Captioned web images

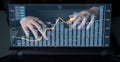 Hands Typing on Laptop with Data Visualization Chart for Business Analysis and Financial Report in Modern Office Royalty Free Stock Photo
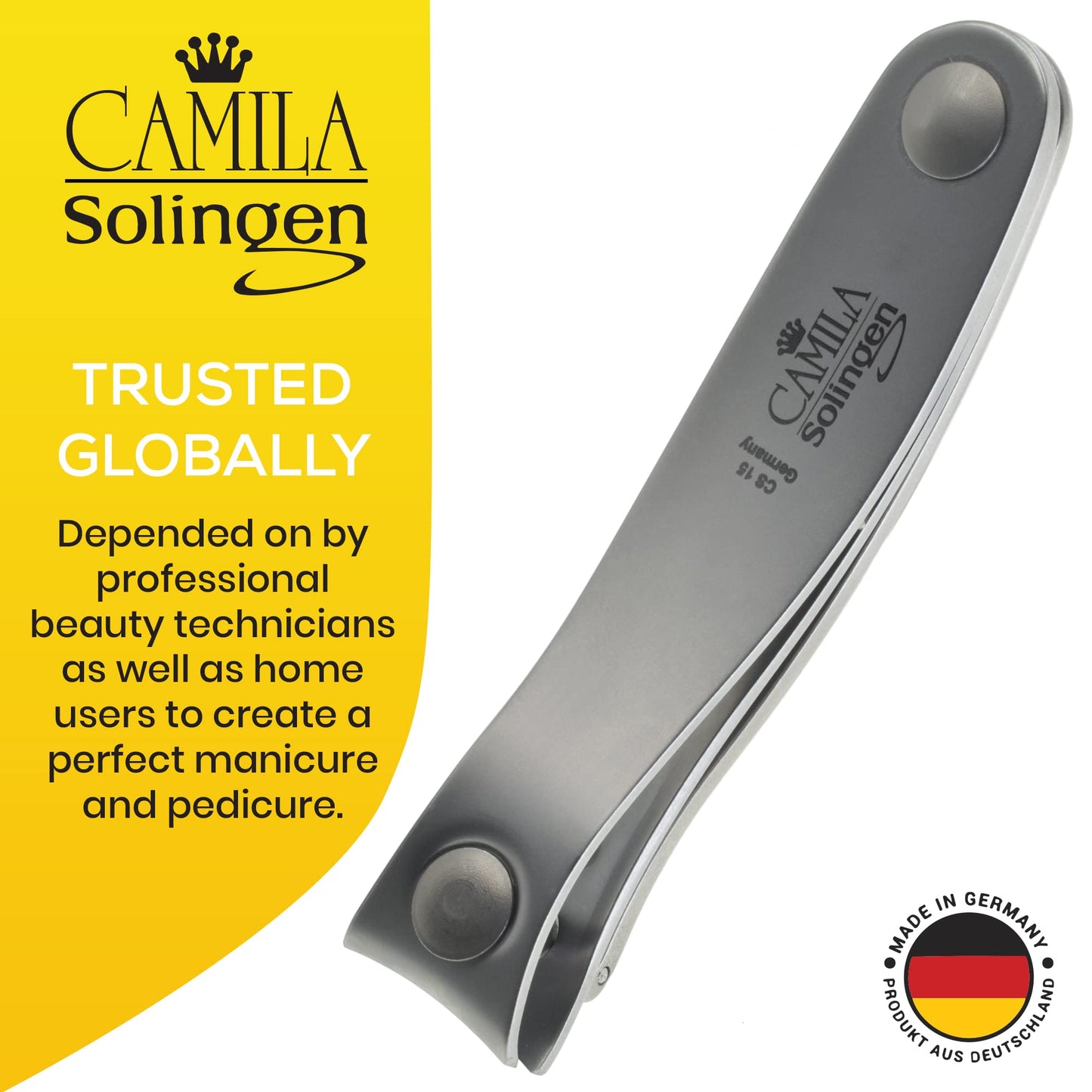Camila Solingen CS15 3" Fingernail Clipper and Toenail Clipper for Manicure and Pedicure - Professional Nail Clippers with Precision Super Sharp Blades - German Carbon Steel Cuticle Trimmer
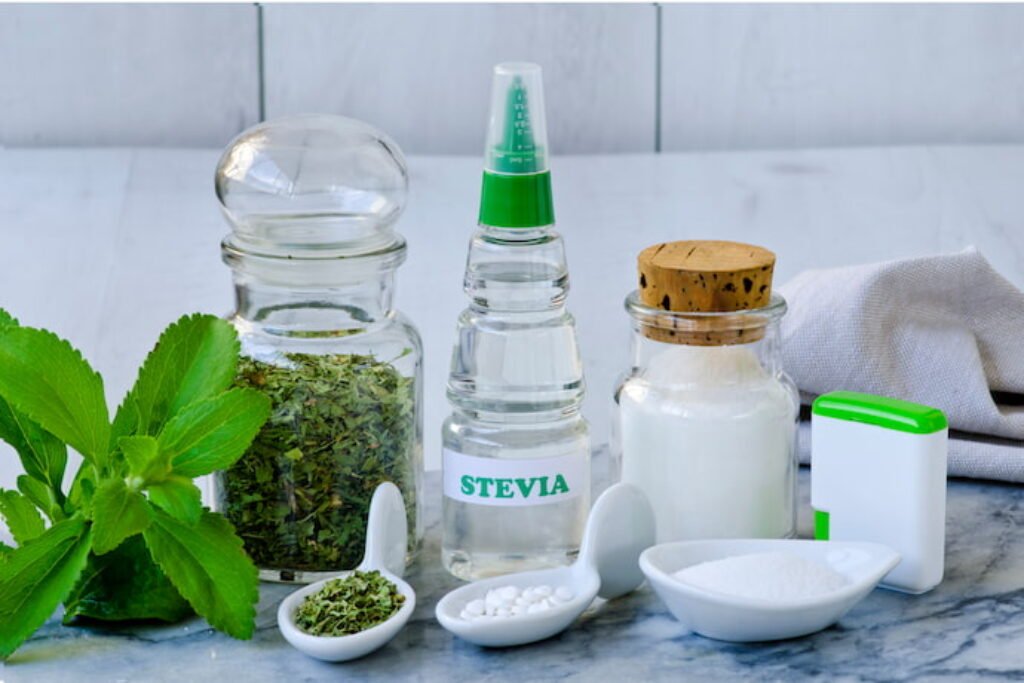 Stevia em diversos compartimentos diferentes.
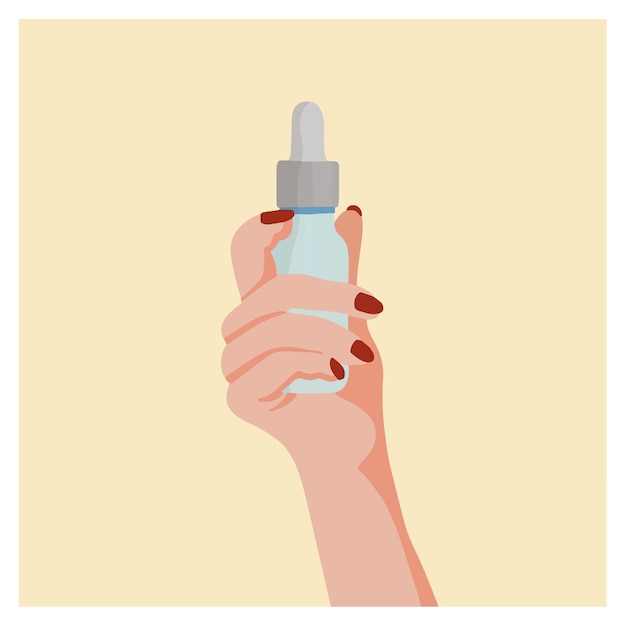 Illustration of female hand holding serum bottle vector image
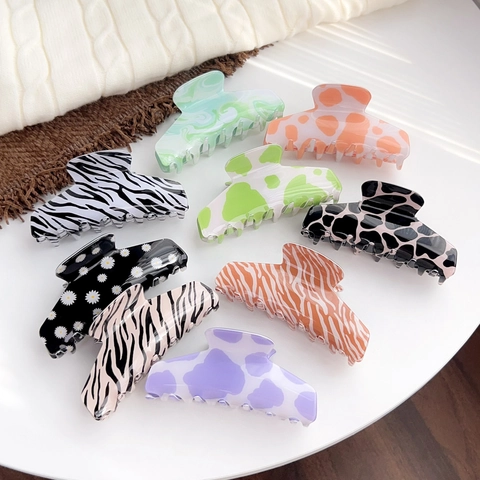 Large Zebra Cow Print Hair Claw Clips For Women French Style PVC Shark Clip Fashion Matte Finish Hair Accessories Gift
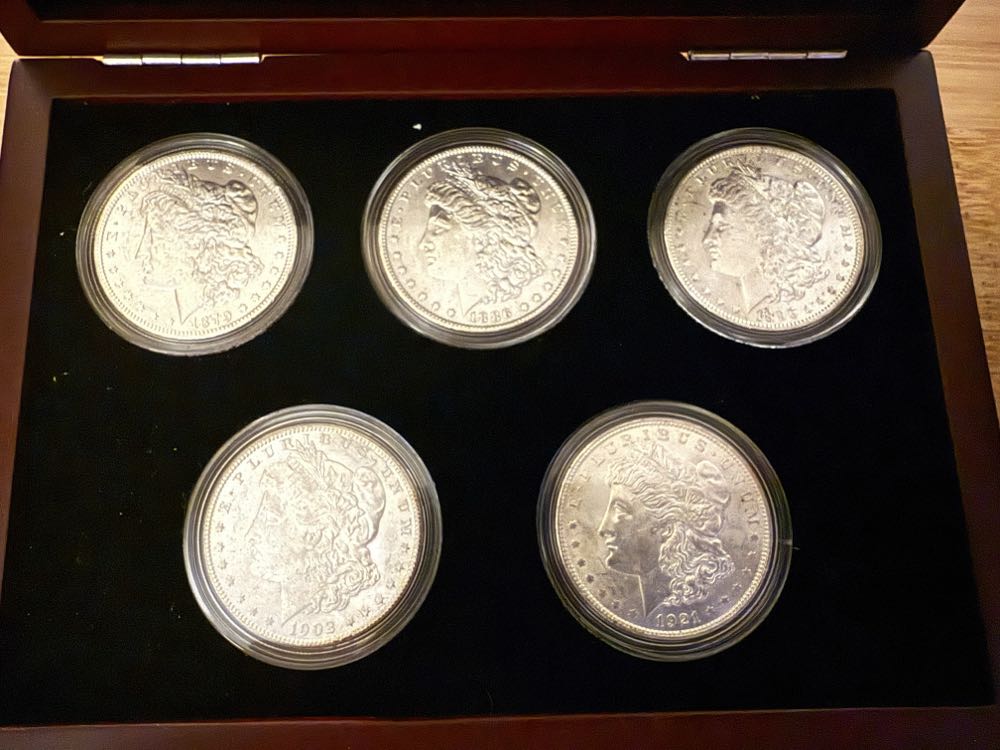 Five Decade Set Of Uncirculated Morgan Silver Dollars 1879,1886,1896,1902,1921  coin collectible - Main Image 2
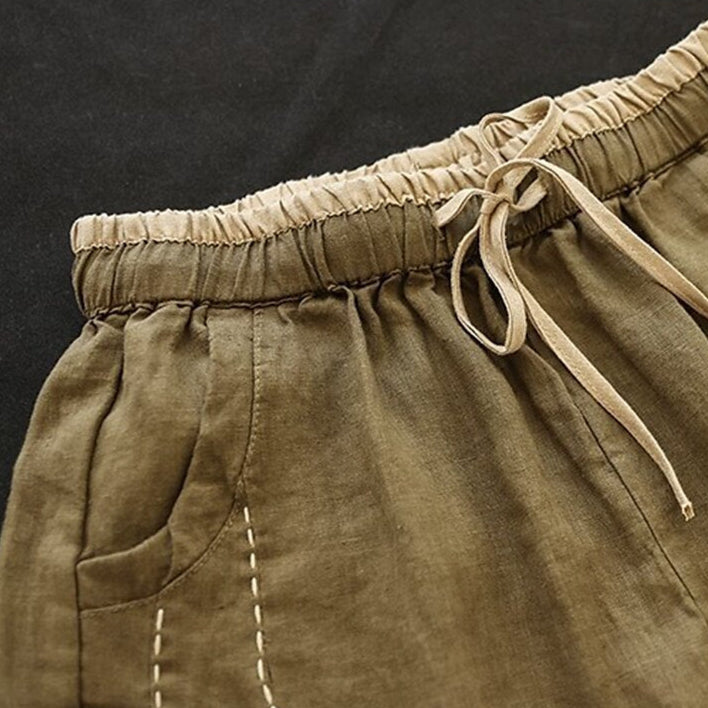 Classic Linen Loose Pants with Pocket - Retrorobe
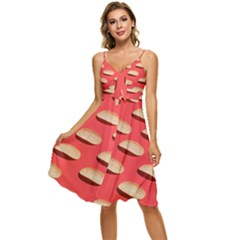 Stackable Chips In Lines Sleeveless Tie Front Chiffon Dress by artworkshop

Work item → Word for word, write out the lines above running from the one with "Camila Solingen CS15" up to and including the one with "Illustration of female". Drop any picture.

Reply to the task →
Camila Solingen CS15 3" Fingernail Clipper and Toenail Clipper for Manicure and Pedicure - Professional Nail Clippers with Precision Super Sharp Blades - German Carbon Steel Cuticle Trimmer
 Stevia em diversos compartimentos diferentes.
 Illustration of female hand holding serum bottle vector image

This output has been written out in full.